Exercise brief |
Below are records with pictures in them. Output exactly the lines from the one with "Prunus incisa 'Lotte'" through the one with "Zakatek Reja * Kartuzy", both included, and leave every picture out; give only those lines.

Available data |
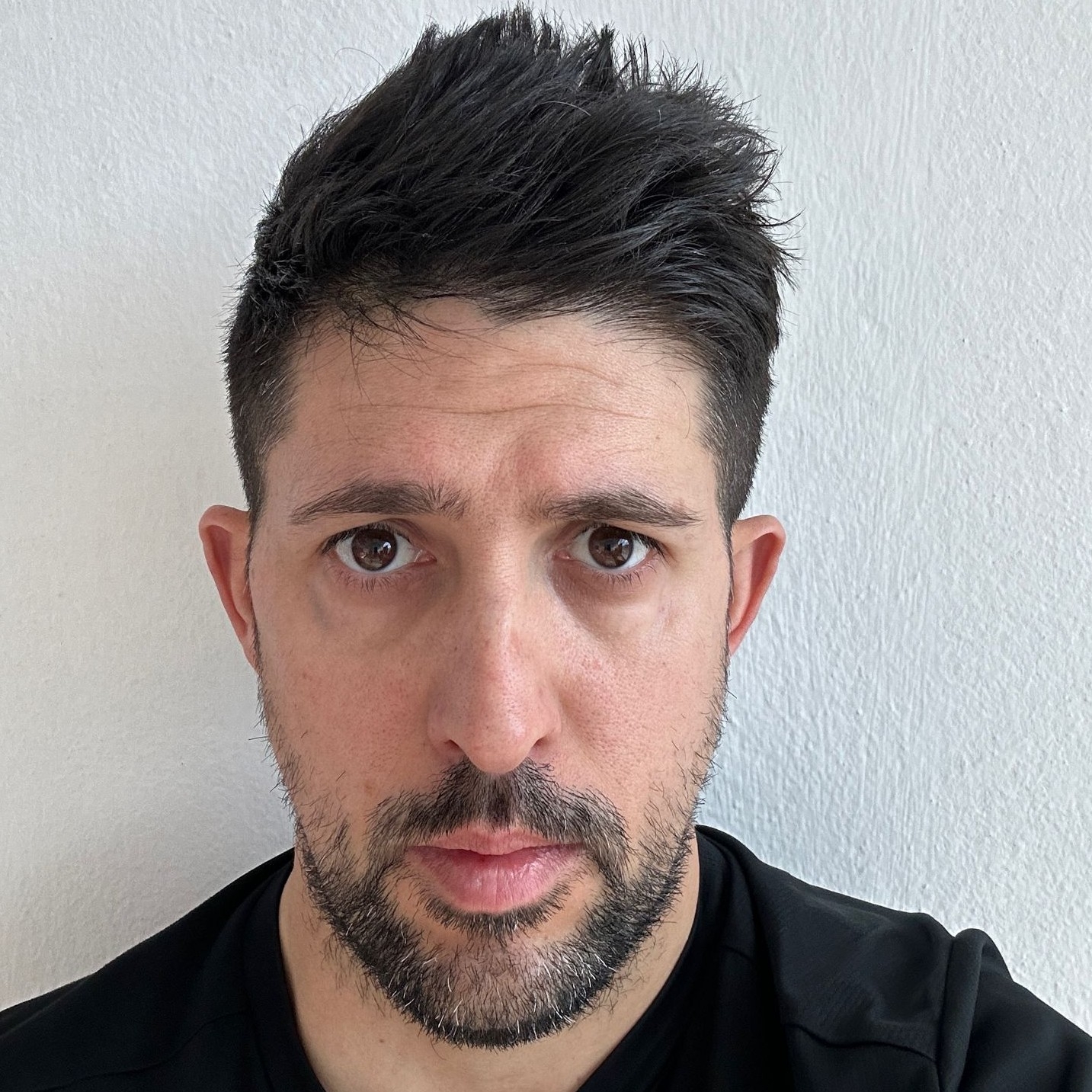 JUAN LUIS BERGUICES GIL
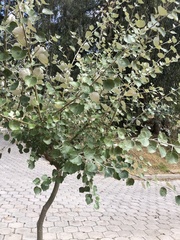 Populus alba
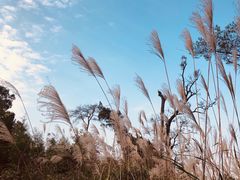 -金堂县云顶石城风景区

* * *

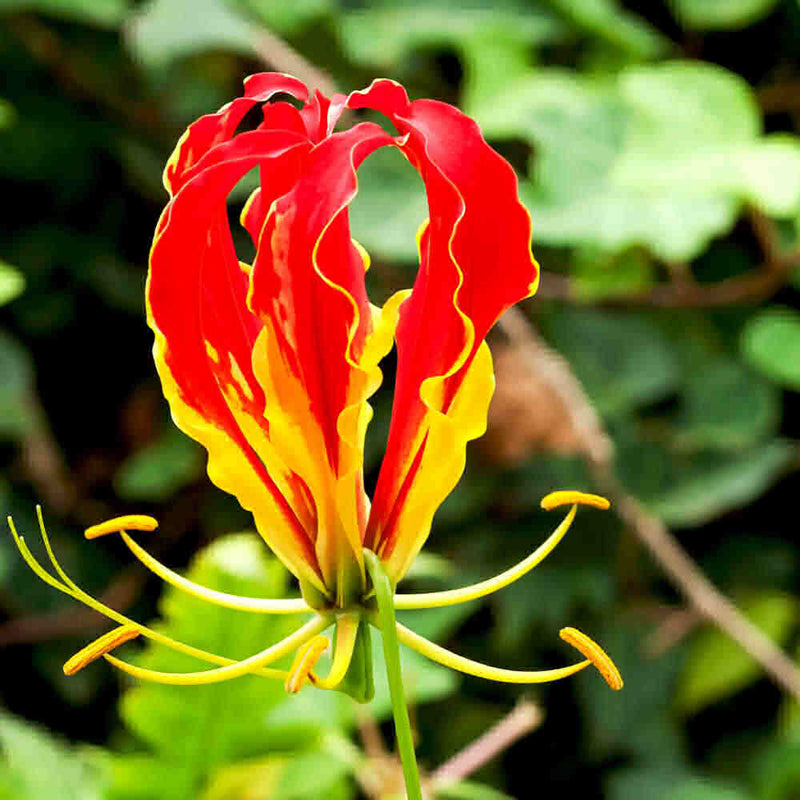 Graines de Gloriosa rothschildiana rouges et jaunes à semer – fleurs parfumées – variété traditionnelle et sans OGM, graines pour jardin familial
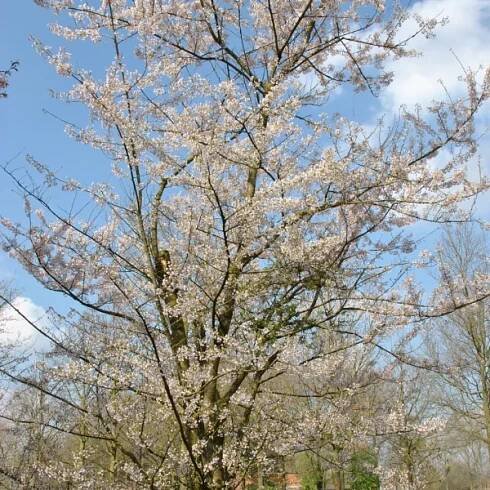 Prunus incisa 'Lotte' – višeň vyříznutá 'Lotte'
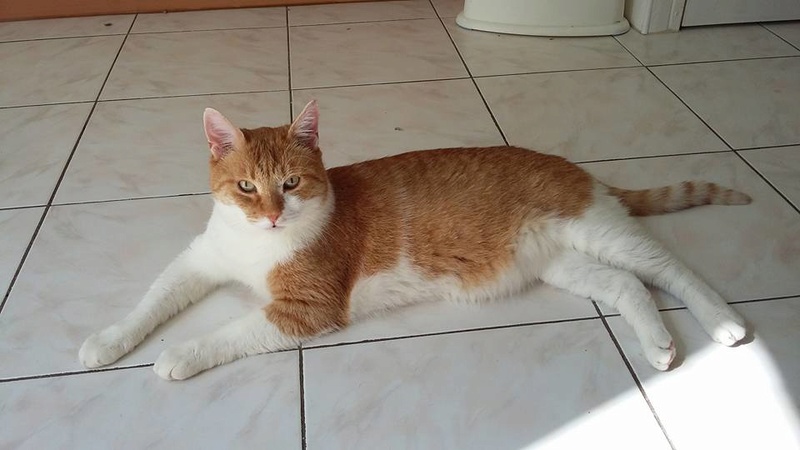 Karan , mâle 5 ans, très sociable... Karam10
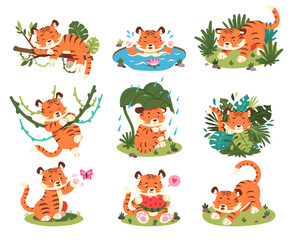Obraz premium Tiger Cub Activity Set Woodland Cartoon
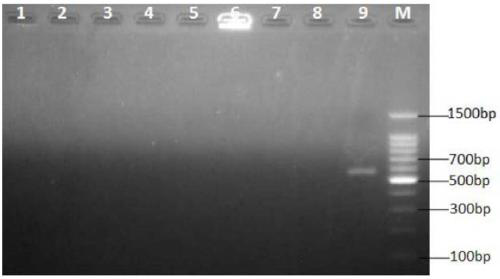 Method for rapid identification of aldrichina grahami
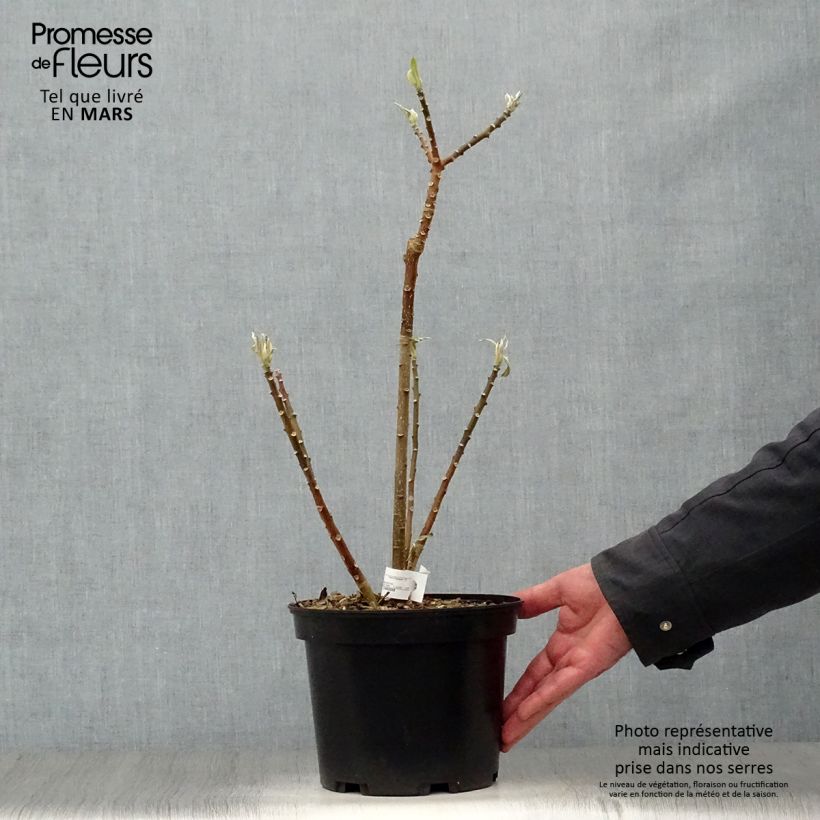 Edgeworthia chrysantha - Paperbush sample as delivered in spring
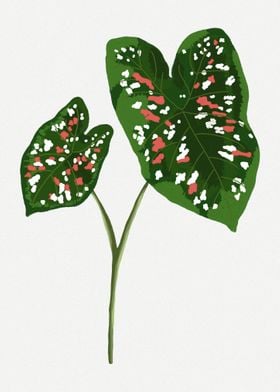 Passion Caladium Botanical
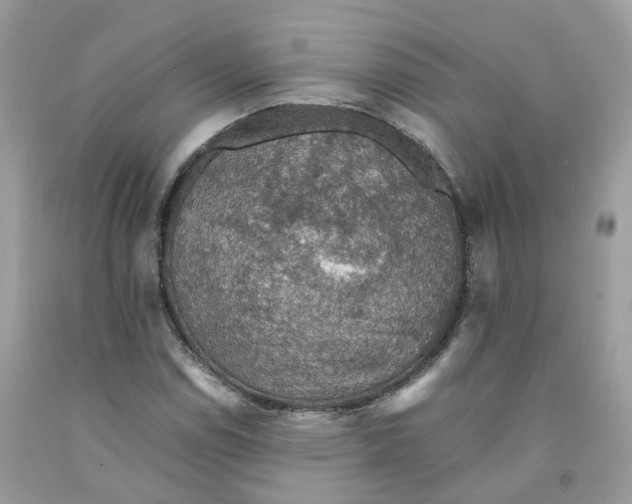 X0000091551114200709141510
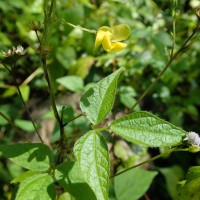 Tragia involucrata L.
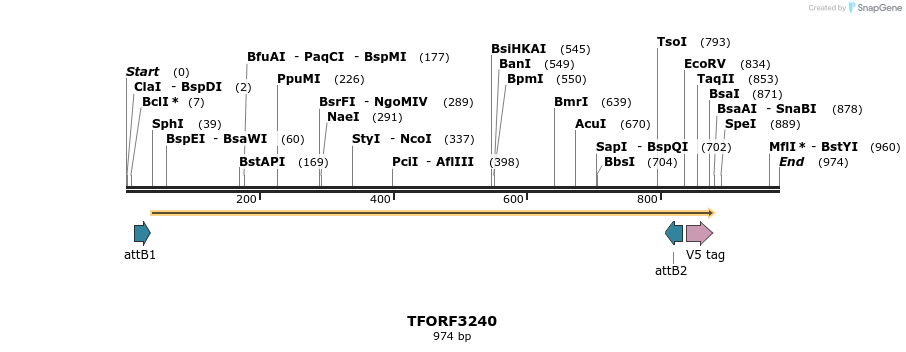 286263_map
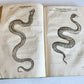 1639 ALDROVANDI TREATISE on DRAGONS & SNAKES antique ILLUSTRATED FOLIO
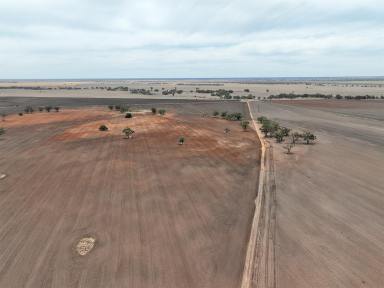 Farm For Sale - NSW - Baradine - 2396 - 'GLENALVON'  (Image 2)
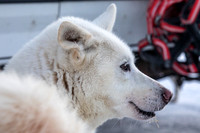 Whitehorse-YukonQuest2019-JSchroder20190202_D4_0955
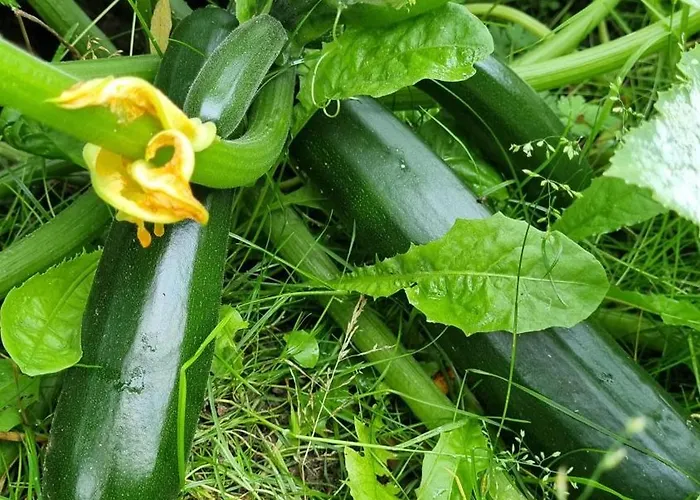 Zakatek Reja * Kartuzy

Solution for this problem |
 Prunus incisa 'Lotte' – višeň vyříznutá 'Lotte'
 Karan , mâle 5 ans, très sociable... Karam10
Obraz premium Tiger Cub Activity Set Woodland Cartoon
 Method for rapid identification of aldrichina grahami
 Edgeworthia chrysantha - Paperbush sample as delivered in spring
 Passion Caladium Botanical
 X0000091551114200709141510
 Tragia involucrata L.
 286263_map
 1639 ALDROVANDI TREATISE on DRAGONS & SNAKES antique ILLUSTRATED FOLIO
 Farm For Sale - NSW - Baradine - 2396 - 'GLENALVON'  (Image 2)
 Whitehorse-YukonQuest2019-JSchroder20190202_D4_0955
 Zakatek Reja * Kartuzy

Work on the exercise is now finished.